Toshiba has regained its form of late, so we were excited to see this affordable set in our testing rooms.
In ergonomic terms, the Toshiba 32RL953B is not the slickest, with the TV programme guide looking a bit dated (there’s no picture-in-picture, for instance).
It’s better to download the free Toshiba TV Remote app if you’ve got a smartphone, as it’s quick to respond and a lot easier to move around the screen using the Flick mode.
Toshiba 32RL953B: Picture quality
As for the picture, first impressions are promising: it’s clear and decently detailed, with minimal noise. The edges of objects and outlines of people are sharply defined, too – much more so than Panasonic TX-L32ET5B, but with less refinement than the crisp Samsung UE32ES6800.
Contrast is a touch too strong, though, with deep uniform blacks sitting rather abruptly next to bright whites.

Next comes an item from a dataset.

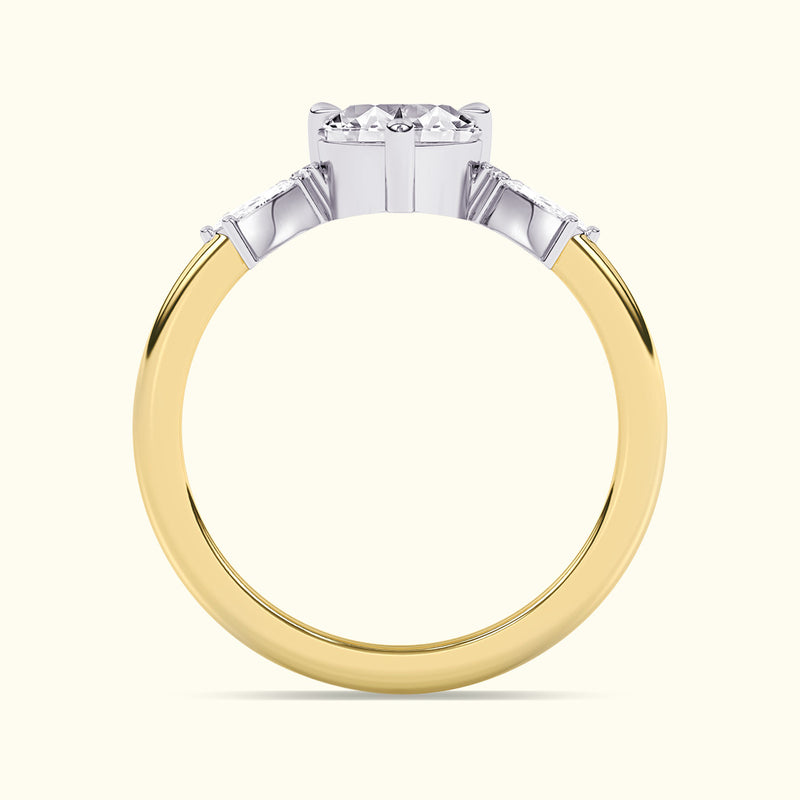 Ruth Engagement Ring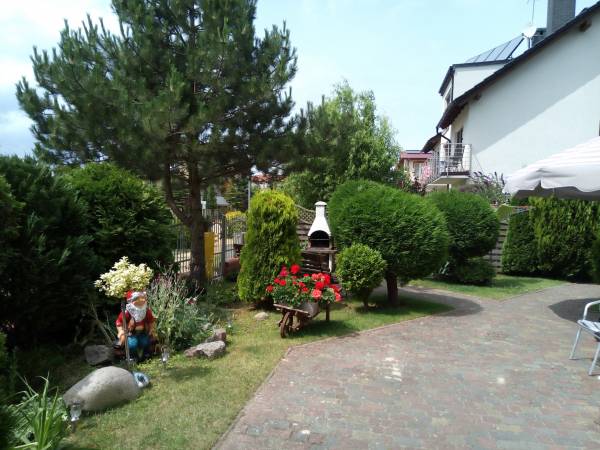 grill z wędzarką :)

Unfortunately, the Blu-ray of Mission: Impossible – Ghost Protocol does show up the limitations of this set, mostly with the way the pools of deep black are too uniform in shadows, swallowing up finer detail and subtle tonal variations.
The overdone sharpness of the 32RL953 means that its sense of perspective is slightly compromised too. We also suggest turning down the backlight to decrease the glare from unsubtle whites.
The colour palette is bright and bold, and we had to dial down the colour levels a bit to get a more natural tone.
Placed next to more competent screens – such as the Panasonics TX-L32E5B and the Samsung UE32ES5500 – the scenes in the upscaled DVD of Death at a Funeral seem like bright blocks of colour with little subtlety in shading.
As with previous Toshiba screens, we found that it fares a lot better in brighter scenes, especially those in natural sunlight.
Toshiba 32RL953B: Smart TV apps
We streamed the Indianapolis MotoGP race on BBC iPlayer and it looked clear and crisp, with the contrast and colour having a much better balance, and the sharp edges lending themselves nicely to the edges of the track.
Few TVs would win accolades based on their sound quality but even then the Toshiba is an underwhelming affair, being rather hard on the ears.
It offers Voice Enhancement and Dynamic Bass Boost, but we find that turning these options on makes the sound even harsher and more artificial.
This Toshiba isn’t a 3D TV. But it’s great to see that it’s still packed with plenty of smart features despite its sub-£400 price tag. Along with Freeview HD, you can stream TV shows and films via a host of on-demand video services.
There are also plenty of news, entertainment and games apps to download from the Toshiba Places portal, and you also can access your photos, videos and music files stored on a USB drive too.
Toshiba 32RL953B: VerdictToshiba has some catching up to do if it wants to be a strong contender in this area. While we admire its determination to include full smart features at such an affordable price, the overall performance fails to impress – a shame, given the company’s recent First Test successes.